Bolivia denuncia los ejercicios militares EE.UU.-Chile e insta a todos los Estados sudamericanos a evitar una militarización estadounidense en la zona.

“A todas luces esos ejercicios militares realizados entre Estados Unidos y Chile son agresivos y creemos que no condice con esta máxima que hemos cultivado aquí en Sudamérica, que es hacer de Sudamérica una tierra de paz”, dijo el lunes a la radio estatal el ministro boliviano de Defensa, Javier Zavaleta.

Chile y Estados Unidos iniciaron desde el pasado miércoles unas maniobras militares, denominadas “Estrella Austral”, en Antofagasta, un territorio fronterizo que Chile tomó de Bolivia tras la Guerra del Pacífico (1879-1883), una contienda bélica que dejó sin salida al océano Pacífico al país andino y ha generado hasta ahora tensiones entre ambos países.

El canciller boliviano, Fernando Huanacuni, por su parte, advirtió ayer lunes de que los ejercicios atentan contra la paz y socavan la soberanía de los Estados suramericanos.

“Nosotros guardamos una soberanía en el Estado Plurinacional de Bolivia e invitamos a la región a que podamos hacer respetar nuestra soberanía. ¿Estos ejercicios militares a dónde apuntan? ¿Cuál es la beligerancia? ¿Hacia qué se están preparando?”, cuestionó Huanacuni.

El jefe de la Diplomacia boliviano llamó así a los gobiernos suramericanos a hacer esfuerzos colectivos para evitar la presencia militar de Estados Unidos en la región.

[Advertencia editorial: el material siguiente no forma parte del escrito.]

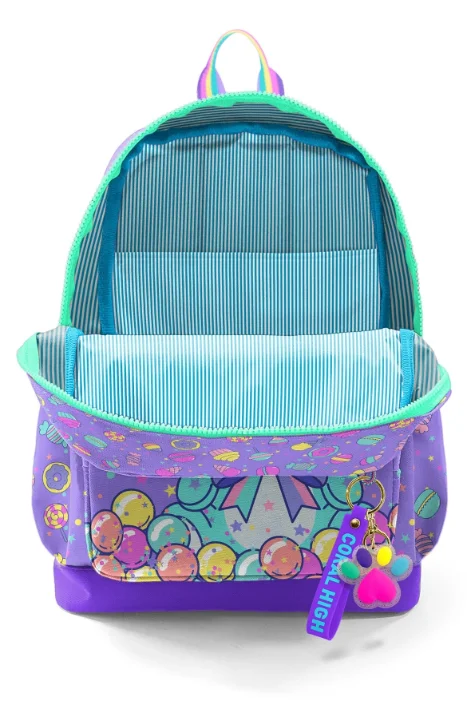 Coral High Kids 33205 Okul Sırt Çantası | Şeker Ayıcık Desenli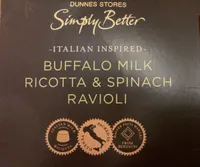 Buffalo milk ricotta & Spinach Ravioli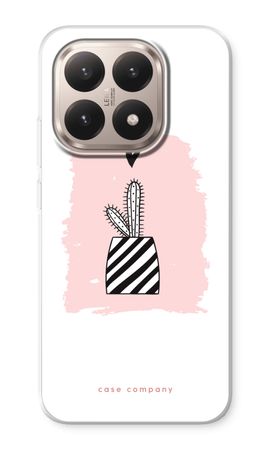 Black and white cactus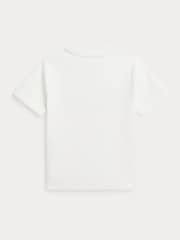 Polo Ralph Lauren White Boys Logo Jersey T-Shirt - Image 2 of 2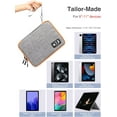 thumbnail image 4 of Luxtude Travel Cable Organizer Bag, Electronic Organizer Travel Case Large, Cord Organizers Bag, Tech Bag for Cable Storage/Cord Storage/iPad Pro(up to 11")/Wall Charger/Electronic Accessories, 4 of 4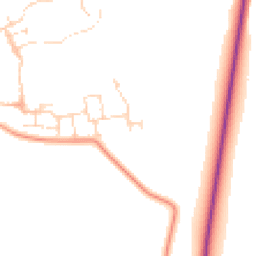 Daytime road noise heatmap for NG34 8GX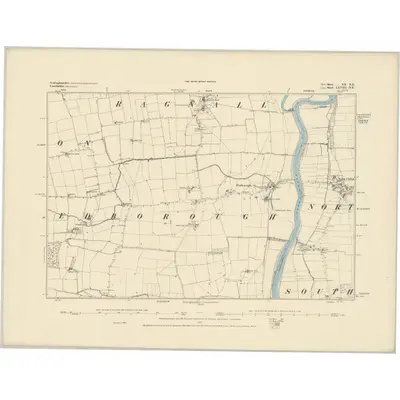 1884 Map of Nottinghamshire XX.NE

Tras sentenciar que “la guerra no resuelve nada”, señaló que los desafíos del continente, como el cambio climático, la crisis alimentaria o los delitos transnacionales, pueden resolverse por vías pacíficas.

Todos los Estados de la región, incluido Chile, deben saber que “Sudamérica es una región de paz, aquí no se ha llevado ni la Primera ni Segunda Guerra Mundial (…) porque somos herederos de una cultura de paz”, apostilló.

El sábado, el presidente boliviano, Evo Morales, también repudió los ejercicios militares de Chile y EE.UU. y advirtió de que “las tropas estadounidenses en América Latina no garantizan dignidad ni soberanía”.